#### Problem to solve:
In the records that follow, the lines from the one containing "foto 32 Coche" to the one containing "На Луганщині автобус", inclusive, are to be given again exactly.

#### Records supplied:

○ ○ ○ ○ ○

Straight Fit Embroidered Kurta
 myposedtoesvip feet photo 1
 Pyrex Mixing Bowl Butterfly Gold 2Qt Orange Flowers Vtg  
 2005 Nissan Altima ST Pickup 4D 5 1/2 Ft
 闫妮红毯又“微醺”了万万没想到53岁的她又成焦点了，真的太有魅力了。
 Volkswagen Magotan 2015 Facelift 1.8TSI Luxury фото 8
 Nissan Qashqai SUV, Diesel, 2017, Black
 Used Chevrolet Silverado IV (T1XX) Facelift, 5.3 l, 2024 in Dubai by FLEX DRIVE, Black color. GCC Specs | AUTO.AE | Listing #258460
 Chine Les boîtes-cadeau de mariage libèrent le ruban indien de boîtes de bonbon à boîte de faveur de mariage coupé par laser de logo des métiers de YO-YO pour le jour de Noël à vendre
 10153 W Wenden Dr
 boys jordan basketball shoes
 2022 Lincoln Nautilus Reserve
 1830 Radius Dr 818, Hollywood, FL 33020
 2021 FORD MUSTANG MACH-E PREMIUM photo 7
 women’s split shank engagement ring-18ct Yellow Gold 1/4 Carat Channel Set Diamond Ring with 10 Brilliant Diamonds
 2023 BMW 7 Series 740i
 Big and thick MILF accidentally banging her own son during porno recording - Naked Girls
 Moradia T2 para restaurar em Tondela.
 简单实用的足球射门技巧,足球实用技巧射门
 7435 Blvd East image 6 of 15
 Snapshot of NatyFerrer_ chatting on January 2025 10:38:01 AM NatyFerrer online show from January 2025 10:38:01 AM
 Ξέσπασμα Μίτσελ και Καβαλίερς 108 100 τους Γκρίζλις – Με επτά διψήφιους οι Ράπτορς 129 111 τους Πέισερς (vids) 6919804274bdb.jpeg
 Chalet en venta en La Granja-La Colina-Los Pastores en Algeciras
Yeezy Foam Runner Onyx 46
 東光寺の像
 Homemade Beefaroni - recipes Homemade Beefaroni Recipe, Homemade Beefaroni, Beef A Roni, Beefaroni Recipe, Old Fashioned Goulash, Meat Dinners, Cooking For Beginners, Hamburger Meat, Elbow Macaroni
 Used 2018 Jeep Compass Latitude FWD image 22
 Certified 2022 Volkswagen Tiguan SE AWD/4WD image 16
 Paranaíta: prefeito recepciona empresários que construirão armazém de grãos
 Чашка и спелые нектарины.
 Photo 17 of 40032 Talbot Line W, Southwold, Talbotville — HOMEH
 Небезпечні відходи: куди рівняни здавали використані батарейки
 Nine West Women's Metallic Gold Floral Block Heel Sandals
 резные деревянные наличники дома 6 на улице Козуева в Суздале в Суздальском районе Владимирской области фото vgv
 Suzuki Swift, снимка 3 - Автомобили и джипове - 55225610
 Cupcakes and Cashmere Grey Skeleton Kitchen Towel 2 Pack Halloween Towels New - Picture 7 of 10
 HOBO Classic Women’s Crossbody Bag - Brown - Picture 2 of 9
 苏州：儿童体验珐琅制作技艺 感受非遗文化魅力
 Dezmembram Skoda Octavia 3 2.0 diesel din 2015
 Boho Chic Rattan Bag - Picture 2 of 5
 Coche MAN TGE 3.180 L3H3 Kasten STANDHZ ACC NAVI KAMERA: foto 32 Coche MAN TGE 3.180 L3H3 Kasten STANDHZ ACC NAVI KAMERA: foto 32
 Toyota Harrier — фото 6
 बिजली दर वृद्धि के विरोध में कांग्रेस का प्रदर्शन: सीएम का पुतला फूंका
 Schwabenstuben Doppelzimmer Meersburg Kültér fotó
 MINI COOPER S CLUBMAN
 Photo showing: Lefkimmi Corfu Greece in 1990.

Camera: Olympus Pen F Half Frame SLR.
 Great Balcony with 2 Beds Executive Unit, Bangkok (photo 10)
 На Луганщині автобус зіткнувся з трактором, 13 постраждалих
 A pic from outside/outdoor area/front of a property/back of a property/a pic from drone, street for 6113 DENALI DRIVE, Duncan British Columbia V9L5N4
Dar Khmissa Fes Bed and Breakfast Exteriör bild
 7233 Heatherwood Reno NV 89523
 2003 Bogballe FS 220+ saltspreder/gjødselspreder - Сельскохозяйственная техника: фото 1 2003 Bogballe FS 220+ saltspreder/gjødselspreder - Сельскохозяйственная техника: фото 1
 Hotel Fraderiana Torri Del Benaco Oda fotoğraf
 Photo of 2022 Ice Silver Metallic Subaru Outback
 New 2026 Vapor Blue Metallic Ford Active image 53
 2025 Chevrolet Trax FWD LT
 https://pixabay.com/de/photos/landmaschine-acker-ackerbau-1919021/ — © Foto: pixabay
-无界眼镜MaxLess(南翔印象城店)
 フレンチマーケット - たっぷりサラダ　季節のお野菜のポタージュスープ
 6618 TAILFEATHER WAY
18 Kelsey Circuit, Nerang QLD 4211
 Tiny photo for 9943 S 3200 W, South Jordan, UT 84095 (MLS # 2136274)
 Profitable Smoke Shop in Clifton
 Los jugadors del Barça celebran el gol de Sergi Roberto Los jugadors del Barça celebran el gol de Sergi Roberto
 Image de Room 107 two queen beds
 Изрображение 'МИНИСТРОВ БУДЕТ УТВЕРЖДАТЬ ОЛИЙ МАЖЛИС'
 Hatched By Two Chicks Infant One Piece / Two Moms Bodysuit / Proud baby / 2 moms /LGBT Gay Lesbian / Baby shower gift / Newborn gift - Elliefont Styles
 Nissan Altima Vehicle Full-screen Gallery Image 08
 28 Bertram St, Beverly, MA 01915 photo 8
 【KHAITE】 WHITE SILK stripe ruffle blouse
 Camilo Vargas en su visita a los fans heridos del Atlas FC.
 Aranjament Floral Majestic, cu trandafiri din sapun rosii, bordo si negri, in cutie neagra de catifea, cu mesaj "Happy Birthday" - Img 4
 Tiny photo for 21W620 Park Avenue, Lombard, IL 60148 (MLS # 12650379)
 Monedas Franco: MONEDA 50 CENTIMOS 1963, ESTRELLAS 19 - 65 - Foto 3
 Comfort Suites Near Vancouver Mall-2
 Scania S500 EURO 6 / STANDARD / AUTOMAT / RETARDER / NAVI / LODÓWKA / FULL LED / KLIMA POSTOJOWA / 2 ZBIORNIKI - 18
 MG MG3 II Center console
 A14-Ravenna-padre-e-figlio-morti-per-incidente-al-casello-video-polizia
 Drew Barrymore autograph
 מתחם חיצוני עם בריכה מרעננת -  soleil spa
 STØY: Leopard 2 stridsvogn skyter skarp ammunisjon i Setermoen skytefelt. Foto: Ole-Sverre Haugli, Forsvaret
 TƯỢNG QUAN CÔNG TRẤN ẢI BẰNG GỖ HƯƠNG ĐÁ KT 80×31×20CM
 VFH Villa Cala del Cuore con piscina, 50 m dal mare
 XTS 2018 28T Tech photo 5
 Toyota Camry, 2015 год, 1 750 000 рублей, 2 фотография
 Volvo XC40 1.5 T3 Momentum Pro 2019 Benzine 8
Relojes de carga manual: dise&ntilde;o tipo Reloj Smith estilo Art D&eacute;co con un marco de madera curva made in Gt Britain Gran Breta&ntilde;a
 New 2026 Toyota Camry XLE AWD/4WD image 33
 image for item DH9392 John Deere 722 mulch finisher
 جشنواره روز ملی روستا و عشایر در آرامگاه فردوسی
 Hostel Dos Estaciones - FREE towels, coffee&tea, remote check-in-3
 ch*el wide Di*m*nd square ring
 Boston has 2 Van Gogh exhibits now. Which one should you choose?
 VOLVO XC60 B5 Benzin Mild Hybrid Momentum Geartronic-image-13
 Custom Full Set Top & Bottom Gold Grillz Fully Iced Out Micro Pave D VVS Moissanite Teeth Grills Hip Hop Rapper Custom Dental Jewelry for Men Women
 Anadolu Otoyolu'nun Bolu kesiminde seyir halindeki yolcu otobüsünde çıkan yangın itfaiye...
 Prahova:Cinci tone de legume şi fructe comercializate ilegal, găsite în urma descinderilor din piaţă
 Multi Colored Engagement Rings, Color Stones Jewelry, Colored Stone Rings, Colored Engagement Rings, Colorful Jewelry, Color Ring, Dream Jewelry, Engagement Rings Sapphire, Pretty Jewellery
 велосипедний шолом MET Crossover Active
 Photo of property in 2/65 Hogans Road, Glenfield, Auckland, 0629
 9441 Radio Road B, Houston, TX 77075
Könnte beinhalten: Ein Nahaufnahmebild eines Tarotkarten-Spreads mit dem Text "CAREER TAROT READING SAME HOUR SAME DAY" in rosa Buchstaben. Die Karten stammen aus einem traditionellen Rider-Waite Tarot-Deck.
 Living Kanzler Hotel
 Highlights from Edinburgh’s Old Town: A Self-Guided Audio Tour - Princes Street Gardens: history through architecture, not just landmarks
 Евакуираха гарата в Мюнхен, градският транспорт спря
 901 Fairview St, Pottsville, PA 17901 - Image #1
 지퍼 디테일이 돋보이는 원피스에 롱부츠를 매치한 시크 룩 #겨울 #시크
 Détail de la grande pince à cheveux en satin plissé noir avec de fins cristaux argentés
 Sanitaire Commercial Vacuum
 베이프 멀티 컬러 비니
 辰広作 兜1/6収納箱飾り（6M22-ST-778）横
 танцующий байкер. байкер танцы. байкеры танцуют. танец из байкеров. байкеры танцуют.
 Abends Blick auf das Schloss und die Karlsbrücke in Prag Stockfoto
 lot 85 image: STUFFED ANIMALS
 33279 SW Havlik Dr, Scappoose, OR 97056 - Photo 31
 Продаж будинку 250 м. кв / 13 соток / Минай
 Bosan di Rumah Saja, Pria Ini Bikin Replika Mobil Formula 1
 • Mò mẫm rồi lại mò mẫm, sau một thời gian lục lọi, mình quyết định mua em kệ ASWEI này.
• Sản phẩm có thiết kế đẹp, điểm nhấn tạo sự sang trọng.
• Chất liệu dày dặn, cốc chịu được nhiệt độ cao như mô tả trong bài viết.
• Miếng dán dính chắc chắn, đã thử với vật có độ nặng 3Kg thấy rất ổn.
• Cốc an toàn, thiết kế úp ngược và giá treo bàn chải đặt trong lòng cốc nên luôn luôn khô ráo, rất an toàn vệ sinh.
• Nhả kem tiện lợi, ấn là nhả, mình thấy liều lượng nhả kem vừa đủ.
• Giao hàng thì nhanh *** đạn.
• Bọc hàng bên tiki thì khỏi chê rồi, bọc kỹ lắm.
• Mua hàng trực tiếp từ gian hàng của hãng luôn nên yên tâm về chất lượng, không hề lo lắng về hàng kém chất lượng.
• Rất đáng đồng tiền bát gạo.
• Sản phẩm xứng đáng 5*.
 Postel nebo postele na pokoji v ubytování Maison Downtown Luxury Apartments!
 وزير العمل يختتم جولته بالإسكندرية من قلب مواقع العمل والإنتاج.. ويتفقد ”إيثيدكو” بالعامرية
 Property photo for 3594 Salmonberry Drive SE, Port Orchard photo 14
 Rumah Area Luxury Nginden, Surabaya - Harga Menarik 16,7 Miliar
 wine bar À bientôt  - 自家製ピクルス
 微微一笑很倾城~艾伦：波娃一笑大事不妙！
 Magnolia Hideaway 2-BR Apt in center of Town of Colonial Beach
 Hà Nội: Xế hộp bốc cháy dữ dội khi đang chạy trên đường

○ ○ ○ ○ ○

#### Result of the task:
 Coche MAN TGE 3.180 L3H3 Kasten STANDHZ ACC NAVI KAMERA: foto 32 Coche MAN TGE 3.180 L3H3 Kasten STANDHZ ACC NAVI KAMERA: foto 32
 Toyota Harrier — фото 6
 बिजली दर वृद्धि के विरोध में कांग्रेस का प्रदर्शन: सीएम का पुतला फूंका
 Schwabenstuben Doppelzimmer Meersburg Kültér fotó
 MINI COOPER S CLUBMAN
 Photo showing: Lefkimmi Corfu Greece in 1990.

Camera: Olympus Pen F Half Frame SLR.
 Great Balcony with 2 Beds Executive Unit, Bangkok (photo 10)
 На Луганщині автобус зіткнувся з трактором, 13 постраждалих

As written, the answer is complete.